10. The stairlift of claim 9, wherein the knee lock mechanism includes a locking bar that is shiftable between a locking position and an unlocking position, wherein in the locking position the locking bar is configured to interact with a locking face attached to the leg body to prevent rotation of the leg body.

11. A stairlift comprising:

a rail; and

a drive unit having a carrier configured to drive along the rail, and a chair supported by the carrier, the chair including a folding mechanism that comprises: a base body fixed to the carrier, a seat body foldably fixed by way of a seat joint to the base body, a leg body foldably fixed to the seat body by way of a leg joint, a footrest body foldably fixed to the leg body by way of a footrest joint, and a footrest control lever disposed parallel to the leg body and connected to the seat body and the footrest body,

wherein the folding mechanism is configured such that, during folding, the footrest control lever is longitudinally moved relative to the leg body, causing the footrest body to rotate against the leg body.

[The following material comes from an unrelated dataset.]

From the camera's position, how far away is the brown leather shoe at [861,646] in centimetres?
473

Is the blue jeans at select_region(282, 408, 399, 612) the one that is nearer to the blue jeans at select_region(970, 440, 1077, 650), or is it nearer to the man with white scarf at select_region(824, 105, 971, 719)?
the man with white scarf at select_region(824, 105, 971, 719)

12. A stairlift comprising:

a rail; and

a drive unit having a carrier configured to drive along the rail, and a chair supported by the carrier, the chair including a folding mechanism that comprises: a base body fixed to the carrier, a seat body foldably fixed by way of a seat joint to the base body, a leg body foldably fixed to the seat body by way of a leg joint, a footrest body foldably fixed to the leg body by way of a footrest joint, and a footrest control lever lock mechanism for selectively establishing and releasing a rotational fixed connection between the footrest body and the seat body by a footrest control lever, wherein at least one of: the footrest control lever lock mechanism is configured so that the rotational fixed connection is established when folding starts, or the footrest control lever lock mechanism is configured so that the rotational fixed connection is released when unfolding starts.

13. A stairlift comprising:

a rail; and

a drive unit having a carrier configured to drive along the rail, and a chair supported by the carrier, the chair including a folding mechanism that comprises: a base body fixed to the carrier, a seat body foldably fixed by way of a seat joint to the base body, a leg body foldably fixed to the seat body by way of a leg joint, a longitudinally adjustable footrest body that is foldably fixed to the leg body by way of a footrest joint, and a longitudinally adjustable footrest control lever.

14. The stairlift of claim 1, further comprising a footrest control lever that comprises:

a footrest upper control lever;

a footrest lower control lever; and

a shift piece configured to connect the footrest upper control lever with the footrest lower control lever at different longitudinal positions.